International Association for Cryptologic Research

International Association
for Cryptologic Research

CryptoDB

Haosong Zhao

Publications

Year
Venue
Title
2022
TCHES
Improved Plantard Arithmetic for Lattice-based Cryptography
This paper presents an improved Plantard’s modular arithmetic (Plantard arithmetic) tailored for Lattice-Based Cryptography (LBC). Based on the improved Plantard arithmetic, we present faster implementations of two LBC schemes, Kyber and NTTRU, running on Cortex-M4. The intrinsic advantage of Plantard arithmetic is that one multiplication can be saved from the modular multiplication of a constant. However, the original Plantard arithmetic is not very practical in LBC schemes because of the limitation on the unsigned input range.
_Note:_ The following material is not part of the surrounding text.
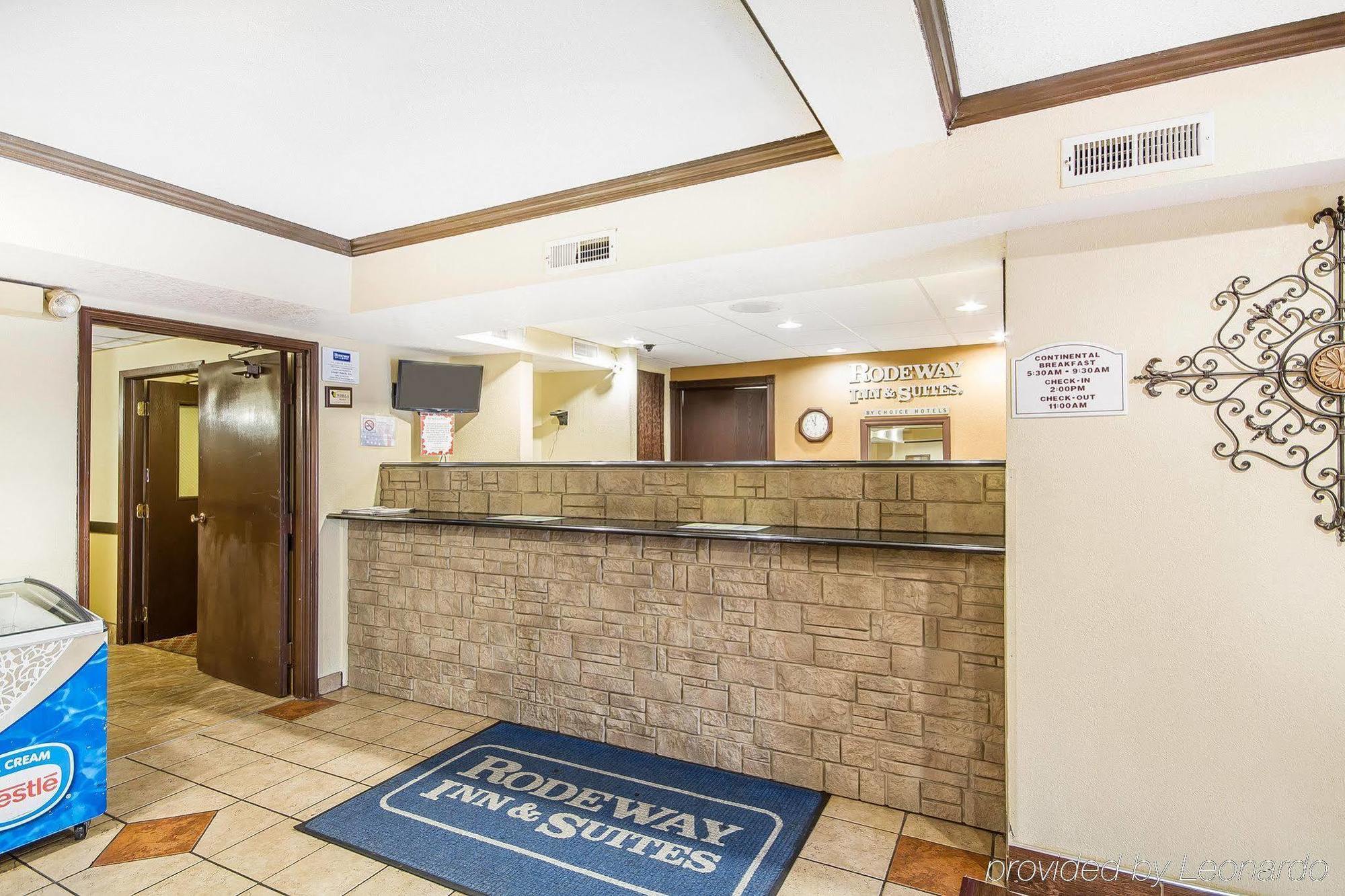 Rodeway Inn & Suites Madison East Экстерьер фото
In this paper, we improve the Plantard arithmetic and customize it for the existing LBC schemes with theoretical proof. The improved Plantard arithmetic not only inherits its aforementioned advantage but also accepts signed inputs, produces signed output, and enlarges its input range compared with the original design. Moreover, compared with the state-of-the-art Montgomery arithmetic, the improved Plantard arithmetic has a larger input range and smaller output range, which allows better lazy reduction strategies during the NTT/INTT implementation in current LBC schemes. All these merits make it possible to replace the Montgomery arithmetic with the improved Plantard arithmetic in LBC schemes on some platforms. After applying this novel method to Kyber and NTTRU schemes using 16-bit NTT on Cortex-M4 devices, we show that the proposed design outperforms the known fastest implementation that uses Montgomery and Barrett arithmetic. Specifically, compared with the state-of-the-art Kyber implementation, applying the improved Plantard arithmetic in Kyber results in a speedup of 25.02% and 18.56% for NTT and INTT, respectively. Compared with the reference implementation of NTTRU, our NTT and INTT achieve speedup by 83.21% and 78.64%, respectively. As for the LBC KEM schemes, we set new speed records for Kyber and NTTRU running on Cortex-M4.